Circular discs of thick card (see image right).


(1) Remove the bottom of the bottle and cut a hole in its side at the base to allow light to enter. Support a small mirror in the bottle so that it can rotate. Then, drill a hole in the bottle cap in line with the mirror so that light can illuminate the subject.

(2) Make the lens of the microscope; this is the most important step. You must be very careful or let a glassblower help you.

Hold the glass fibre to the flame and you will see the end fuse to form a small glass bead. Stop heating it at this point. Then detach the glass bead but leave a short glass thread attached (shown right). You will use the thread to hold the bead until it is mounted.
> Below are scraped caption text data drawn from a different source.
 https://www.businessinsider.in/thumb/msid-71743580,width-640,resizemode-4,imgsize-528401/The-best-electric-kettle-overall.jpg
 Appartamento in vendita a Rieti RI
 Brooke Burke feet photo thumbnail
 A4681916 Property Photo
( 3 ) Use a needle to make a small hole in the thick card. Clean the lens, then push the lens tightly into the hole so that the thread lies along the card and is out of the field of view (see image right). Use a little glue on the thread away from the bead to hold it in place. You can mount many lenses in the card like this. Then centrally mount the card on a suitable support attached to the bottle (see above), so that you can rotate it easily and find the best lens magnification to observe the subject. OK, now you are finished!

In Use

Lay the specimen across the hole in the cap beneath the lens. Twist the threaded bottle cap to focus and observe. Maybe you will find that the specimen and lid will turn together. You can avoid this by laying the specimen on one or more shaped card supports held above the cap. (Editor's note: or perhaps use a glass microscope slide to support the subject.)

The microscope can be taken everywhere and is very easy to use. You can make a microscope like this or perhaps improve on it. Microscopes of this design can be made just 4cm tall.
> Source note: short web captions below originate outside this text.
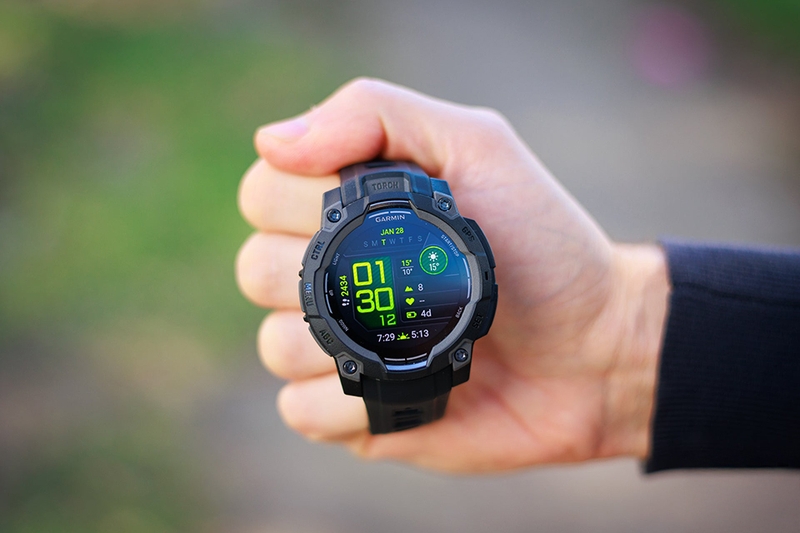Garmin cũng tích hợp các chế độ tùy biến độ sáng theo môi trường xung quanh
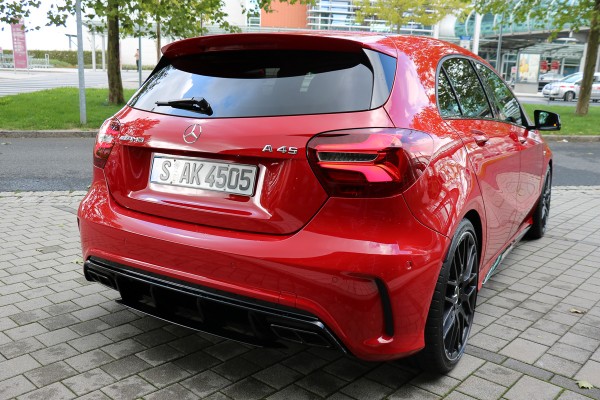 mercedes-amg-a45-protiv-obicnog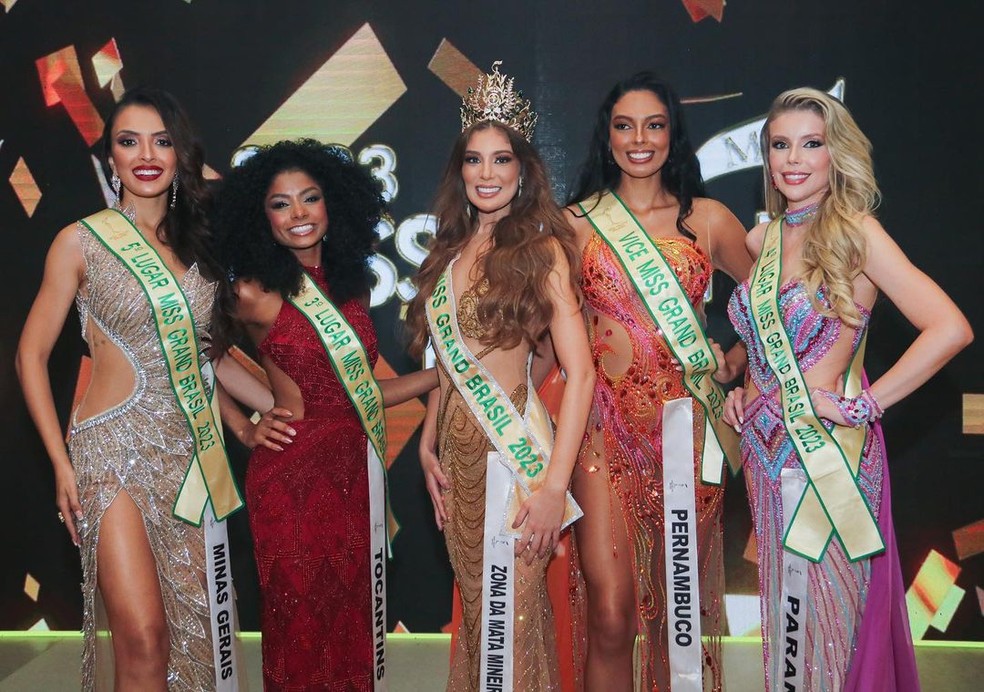 Luciana ao lado das finalistas do concurso Miss Grand Brasil 2023 — Foto: Divulgação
To compute the lens magnifications: Use the formula : Magnification = 250mm / 0.75 * lens diameter. Or : Magnification = 330mm / lens diameter.
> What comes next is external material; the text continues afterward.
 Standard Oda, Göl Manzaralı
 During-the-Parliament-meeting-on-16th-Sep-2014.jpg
Comments to Wan Yu welcomed.

Editor's note: we were delighted to hear from a young amateur microscopist living in China. Wan Yu tells us that he has a good microscope with magnifications from 50x to 700x. He enjoys studying freshwater algae and protozoa from pools, rivers, lakes, the city gutters and the eaves of houses. Sometimes he observes insects or microfossils and likes taking photo's with his microscope. Wan Yu also likes to make small practical microscopes to take in the open air. One of these designs he has kindly shared above with Micscape readers.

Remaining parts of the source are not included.